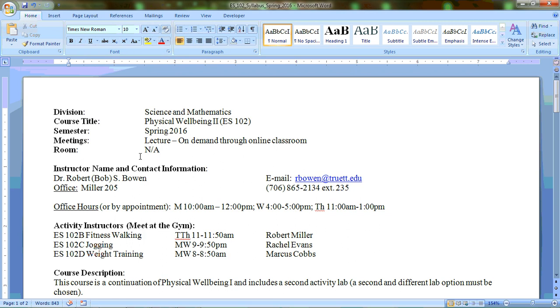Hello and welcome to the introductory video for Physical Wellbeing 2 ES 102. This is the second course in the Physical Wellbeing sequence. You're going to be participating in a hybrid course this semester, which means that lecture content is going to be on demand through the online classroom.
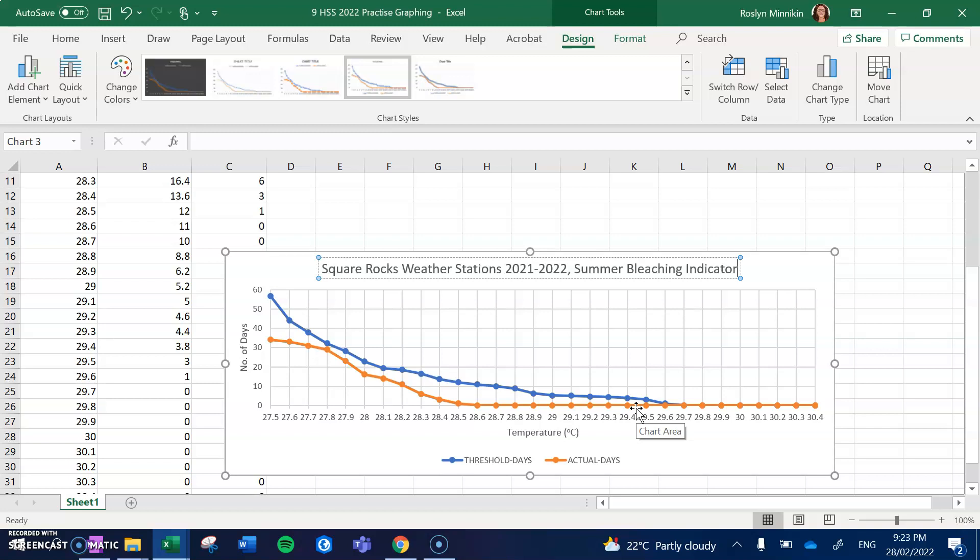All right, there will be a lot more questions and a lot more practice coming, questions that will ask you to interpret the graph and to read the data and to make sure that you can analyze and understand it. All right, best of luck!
...
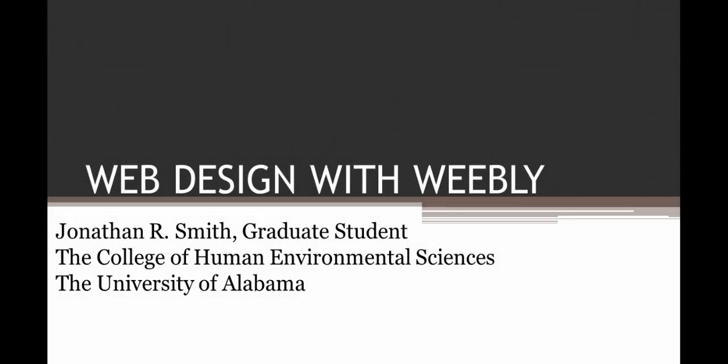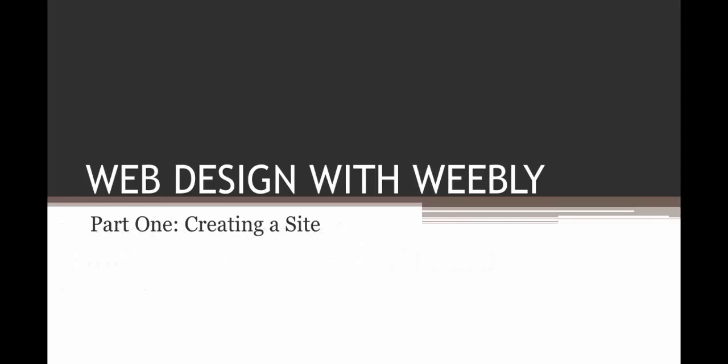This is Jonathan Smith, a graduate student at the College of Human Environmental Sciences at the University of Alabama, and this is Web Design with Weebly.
* * *
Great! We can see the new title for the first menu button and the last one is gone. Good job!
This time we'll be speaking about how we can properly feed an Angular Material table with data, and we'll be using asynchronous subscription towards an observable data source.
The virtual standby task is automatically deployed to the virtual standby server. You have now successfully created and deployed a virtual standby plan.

> [Aim of the task]:
Reproduce the data above exactly, but only the lines from the one showing "Hello and welcome" through the one showing "All right, there", with both ends kept and the pictures left out.

> [Solved exercise]:
Hello and welcome to the introductory video for Physical Wellbeing 2 ES 102. This is the second course in the Physical Wellbeing sequence. You're going to be participating in a hybrid course this semester, which means that lecture content is going to be on demand through the online classroom.
All right, there will be a lot more questions and a lot more practice coming, questions that will ask you to interpret the graph and to read the data and to make sure that you can analyze and understand it. All right, best of luck!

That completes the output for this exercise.